Lin Shih-Yi, Hsu Ying-Yu, Ju Shu-Woei, Yeh Pei-Chun, Hsu Wu-Huei, Kao Chia-Hung
Graduate Institute of Biomedical Sciences, College of Medicine, China Medical University, Taichung.
Division of Nephrology and Kidney Institute, China Medical University Hospital, Taichung.
Digit Health. 2024 Oct 18;10:20552076241291404. doi: 10.1177/20552076241291404. eCollection 2024 Jan-Dec.
The aim of this study is to evaluate the ability of generative artificial intelligence (AI) models to handle specialized medical knowledge and problem-solving in a formal examination context.
This research utilized internal medicine exam questions provided by the Taiwan Internal Medicine Society from 2020 to 2023, testing three AI models: GPT-4o, Claude_3.5 Sonnet, and Gemini Advanced models. Rejected queries for Gemini Advanced were translated into French for resubmission.
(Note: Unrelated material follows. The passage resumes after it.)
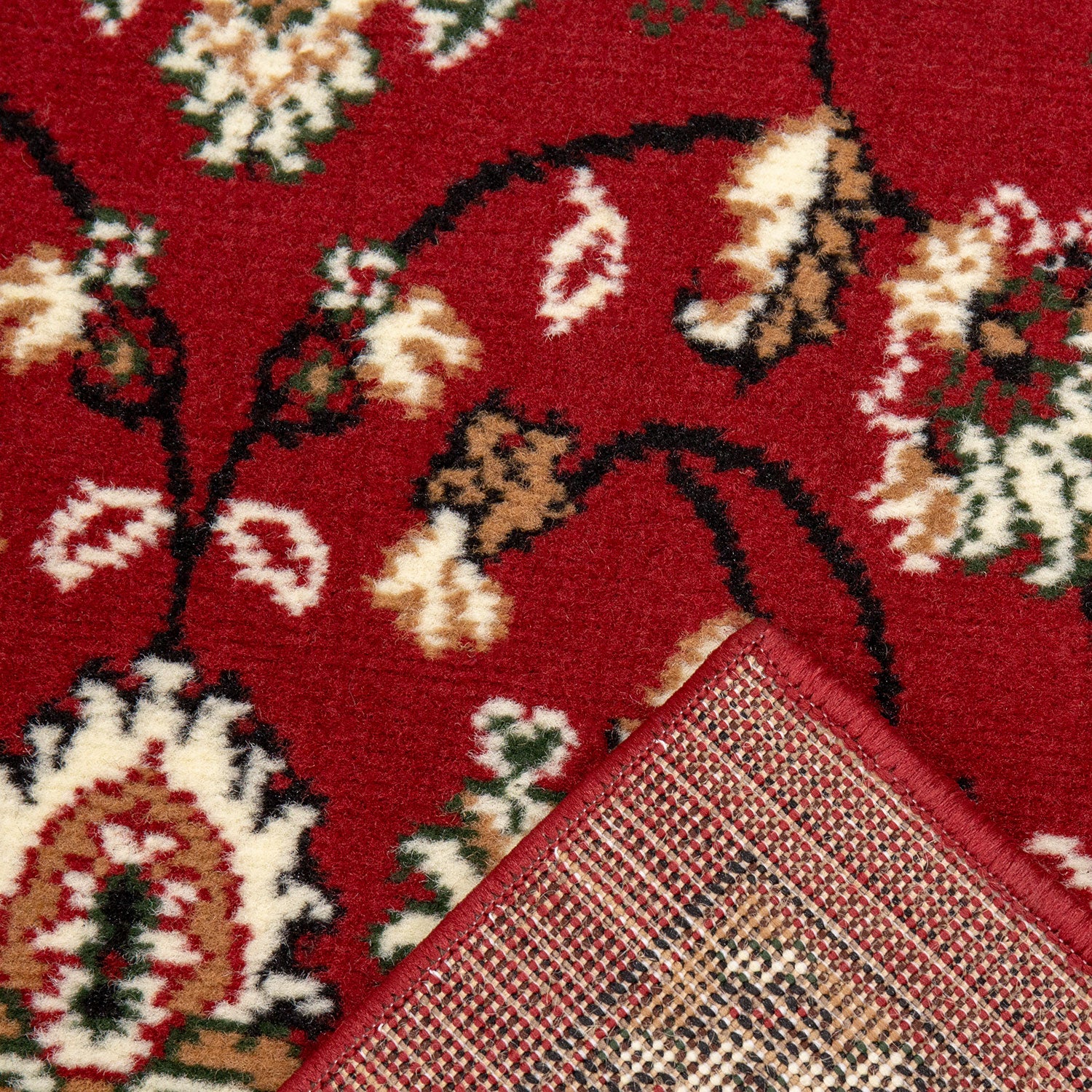 Oriental rug, red and beige, classically densely woven with ornament and floral motifs.-2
Performance was assessed using IBM SPSS Statistics 26, with accuracy percentages calculated and statistical analyses such as Pearson correlation and analysis of variance (ANOVA) performed to gauge AI efficacy.
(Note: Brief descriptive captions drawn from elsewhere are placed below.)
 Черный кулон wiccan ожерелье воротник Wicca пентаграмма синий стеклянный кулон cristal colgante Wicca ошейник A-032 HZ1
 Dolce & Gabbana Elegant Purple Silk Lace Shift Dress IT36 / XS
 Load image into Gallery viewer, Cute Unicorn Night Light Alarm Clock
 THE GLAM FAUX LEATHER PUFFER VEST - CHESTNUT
GPT-4o's top annual score was 86.25 in 2022, with an average of 81.97. Claude_3.5 Sonnet reached a peak score of 88.13 in 2021 and 2022, averaging 84.85, while Gemini Advanced lagged with an average score of 69.84. In specific specialties, Claude_3.5 Sonnet scored highest in Psychiatry (100%) and Nephrology (97.26%), with GPT-4o performing similarly well in Hematology & oncology (97.10%) and Nephrology (94.52%). Gemini's best scores were in Psychiatry (86.96%) and Hematology & Oncology (82.76%). Gemini Advanced models struggled with Neurology, scoring below 60%. Additionally, all models performed better on text-based questions than on image-based ones, without significant differences. Claude 3 Opus scored highest on COVID-19-related questions at 89.29%, followed by GPT-4o at 75.00% and Gemini Advanced at 67.86%.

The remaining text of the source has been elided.